Hello community,
suppose we are given a system of ODEs \begin{align} x'(t) &=f(x(t),p) \newline x(0) &= x_0 \end{align}
where $f\in C^1(U,\mathbb{R}^n)$, $U\subseteq \mathbb{R}_{+}^n\times R^m$ is an open set and $p$ is a vector $(p_1,\ldots,p_m)$ of parameters.

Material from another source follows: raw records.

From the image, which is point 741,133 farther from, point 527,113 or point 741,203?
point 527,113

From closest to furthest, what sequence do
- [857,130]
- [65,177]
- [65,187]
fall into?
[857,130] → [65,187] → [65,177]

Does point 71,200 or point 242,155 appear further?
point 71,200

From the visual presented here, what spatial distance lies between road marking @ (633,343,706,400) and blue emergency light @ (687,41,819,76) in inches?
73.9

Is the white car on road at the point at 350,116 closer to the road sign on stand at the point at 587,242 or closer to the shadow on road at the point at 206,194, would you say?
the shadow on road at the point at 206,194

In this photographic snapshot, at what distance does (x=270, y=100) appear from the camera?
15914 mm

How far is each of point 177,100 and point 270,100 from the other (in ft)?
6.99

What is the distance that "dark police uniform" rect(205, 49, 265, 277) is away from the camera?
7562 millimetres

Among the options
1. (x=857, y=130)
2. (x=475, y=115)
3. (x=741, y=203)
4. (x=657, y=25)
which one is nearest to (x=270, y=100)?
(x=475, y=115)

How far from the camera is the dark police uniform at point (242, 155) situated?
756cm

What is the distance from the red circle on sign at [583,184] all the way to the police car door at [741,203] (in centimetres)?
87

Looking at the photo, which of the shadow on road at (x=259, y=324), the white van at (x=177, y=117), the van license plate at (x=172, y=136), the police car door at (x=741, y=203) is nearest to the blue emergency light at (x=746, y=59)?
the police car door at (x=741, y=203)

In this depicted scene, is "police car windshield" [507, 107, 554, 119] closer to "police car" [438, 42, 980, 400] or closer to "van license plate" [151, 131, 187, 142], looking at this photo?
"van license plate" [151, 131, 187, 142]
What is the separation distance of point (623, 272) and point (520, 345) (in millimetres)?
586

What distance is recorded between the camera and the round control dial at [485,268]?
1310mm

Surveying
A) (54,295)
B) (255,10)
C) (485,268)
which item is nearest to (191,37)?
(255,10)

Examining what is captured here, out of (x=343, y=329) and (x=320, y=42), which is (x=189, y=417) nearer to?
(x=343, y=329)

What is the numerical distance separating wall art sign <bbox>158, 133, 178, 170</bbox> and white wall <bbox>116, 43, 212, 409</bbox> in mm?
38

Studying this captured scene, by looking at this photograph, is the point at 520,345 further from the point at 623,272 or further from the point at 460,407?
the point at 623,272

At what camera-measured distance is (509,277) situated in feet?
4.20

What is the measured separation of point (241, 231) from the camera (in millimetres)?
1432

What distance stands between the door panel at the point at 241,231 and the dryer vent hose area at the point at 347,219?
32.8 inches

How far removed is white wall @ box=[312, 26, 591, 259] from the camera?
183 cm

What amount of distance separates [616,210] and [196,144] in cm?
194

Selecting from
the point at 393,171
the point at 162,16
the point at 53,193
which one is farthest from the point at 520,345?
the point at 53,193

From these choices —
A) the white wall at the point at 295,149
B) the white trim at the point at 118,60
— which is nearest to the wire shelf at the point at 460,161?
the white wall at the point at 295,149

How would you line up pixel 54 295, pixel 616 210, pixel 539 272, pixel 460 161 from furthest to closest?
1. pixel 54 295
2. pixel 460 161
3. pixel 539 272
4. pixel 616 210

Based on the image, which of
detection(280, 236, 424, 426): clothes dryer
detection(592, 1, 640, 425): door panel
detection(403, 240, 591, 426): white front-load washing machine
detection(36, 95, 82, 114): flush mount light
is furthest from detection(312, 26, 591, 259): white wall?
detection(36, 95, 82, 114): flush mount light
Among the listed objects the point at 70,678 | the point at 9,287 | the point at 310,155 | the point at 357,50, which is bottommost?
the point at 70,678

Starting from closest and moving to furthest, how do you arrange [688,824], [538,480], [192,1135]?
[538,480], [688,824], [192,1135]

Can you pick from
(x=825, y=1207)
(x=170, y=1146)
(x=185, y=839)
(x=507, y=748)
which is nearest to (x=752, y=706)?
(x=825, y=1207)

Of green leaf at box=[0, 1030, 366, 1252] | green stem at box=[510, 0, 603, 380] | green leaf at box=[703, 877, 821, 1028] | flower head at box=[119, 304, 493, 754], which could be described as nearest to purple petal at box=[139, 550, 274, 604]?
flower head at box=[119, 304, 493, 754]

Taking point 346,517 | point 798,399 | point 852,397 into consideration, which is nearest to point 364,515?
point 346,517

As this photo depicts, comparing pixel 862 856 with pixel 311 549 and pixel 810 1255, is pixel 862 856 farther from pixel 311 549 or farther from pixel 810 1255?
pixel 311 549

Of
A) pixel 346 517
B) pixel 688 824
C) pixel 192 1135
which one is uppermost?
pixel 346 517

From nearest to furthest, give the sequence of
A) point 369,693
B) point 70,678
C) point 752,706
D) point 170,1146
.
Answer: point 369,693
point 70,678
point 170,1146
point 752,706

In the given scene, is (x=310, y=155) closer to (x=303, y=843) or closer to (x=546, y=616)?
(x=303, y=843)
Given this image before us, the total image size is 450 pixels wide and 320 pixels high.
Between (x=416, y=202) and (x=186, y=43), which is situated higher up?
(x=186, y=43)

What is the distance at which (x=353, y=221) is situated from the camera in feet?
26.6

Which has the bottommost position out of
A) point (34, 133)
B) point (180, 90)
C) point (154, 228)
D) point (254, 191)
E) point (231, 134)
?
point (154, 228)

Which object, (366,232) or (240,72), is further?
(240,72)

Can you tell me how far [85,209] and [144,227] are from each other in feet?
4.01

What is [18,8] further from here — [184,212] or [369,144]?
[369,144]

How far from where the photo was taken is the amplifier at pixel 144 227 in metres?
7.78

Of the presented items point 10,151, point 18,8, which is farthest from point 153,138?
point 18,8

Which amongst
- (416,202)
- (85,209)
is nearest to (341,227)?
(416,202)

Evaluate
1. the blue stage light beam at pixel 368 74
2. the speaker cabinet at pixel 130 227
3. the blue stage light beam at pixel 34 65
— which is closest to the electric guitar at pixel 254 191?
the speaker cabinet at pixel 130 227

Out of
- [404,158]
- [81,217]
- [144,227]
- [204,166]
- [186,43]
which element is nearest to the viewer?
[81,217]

Given a time point $t^\star>0$, I want to decide weather
$$\partial_{p_i}x_j(t^\star)>0$$
for given $i$ and $j$ with $x=(x_1,\ldots,x_n)$. Is there a theory I can use for answering this question?
Background:
I perform mathematical modeling of a biological system. The modeled system was only observed at the time point $t^\star$. In one case, a healthy organism was analyzed, resulting in a solution $x(t)$ of the system \begin{align} x'(t) &=f(x(t),p) \newline x(0) &= x_0 \end{align} for fixed parameters $p$. Then, a biologically altered organism was studied, resulting in a solution $y(t)$ of the system \begin{align} y'(t) &=f(y(t),\tilde p) \newline y(0) &= x_0 \end{align} with a changed parameter vector $\tilde p$ (note the unchanged initial conditions). By comparing $x(t^\star)$ and $y(t^\star)$, can we deduce $\mathrm{sgn}(p_i-\tilde p_i)$ for all $1\leq i \leq m$, i.e. how must the parameter vector $\tilde p$ have changed compared to $p$ to explain the change in the obervation $y(t^\star)$ compared to $x(t^\star)$? If one could compute $$\partial_{p_i}x_j(t^\star)>0,$$ then, knowing how the change of a certain parameter $p_i$ would influence the behaviour of the solution $x$ at $t^\star$, it would be possible to derive necessaey conditions on $p-\tilde p$ that can explain the change in the obervation $y(t^\star)$ compared to $x(t^\star)$.